ASSIGNMENT. Copy the lines below word for word, skipping any image.

EXERCISE DATA.
□ □ □ □ □ □ □
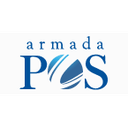 Armada POS Reviews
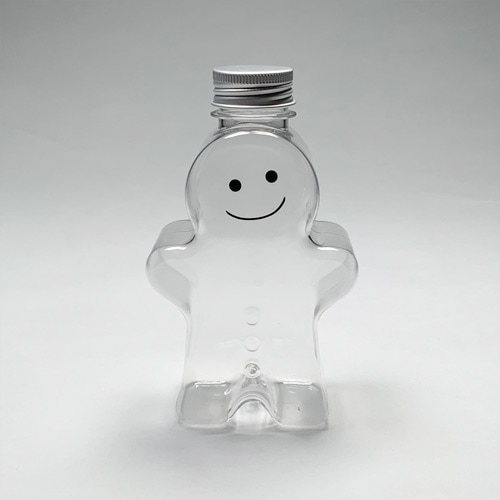 ���ˡ� 360ml �ɥ�󥯥ܥȥ� �ե��դ� ��100������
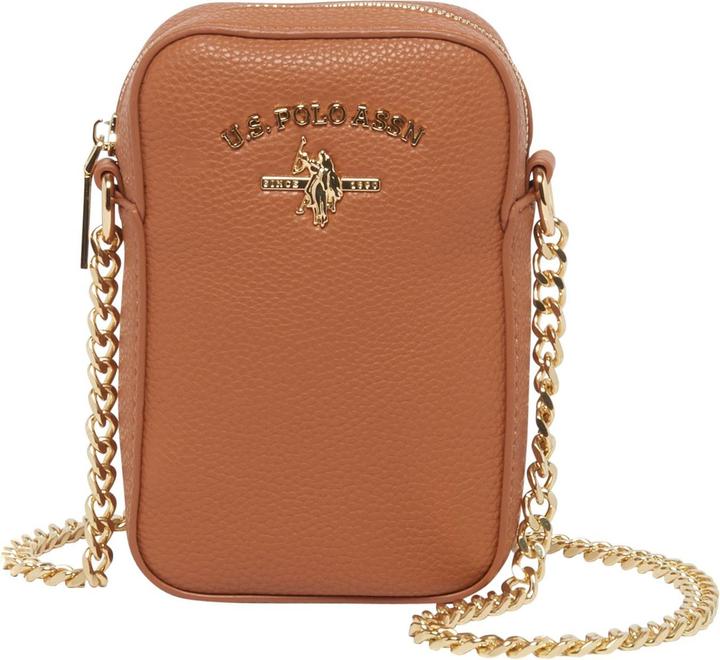 Produktbild U.S. Polo Stanford Mini Bag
□ □ □ □ □ □ □
ANSWER AREA.
 Armada POS Reviews
 ���ˡ� 360ml �ɥ�󥯥ܥȥ� �ե��դ� ��100������
 Produktbild U.S. Polo Stanford Mini Bag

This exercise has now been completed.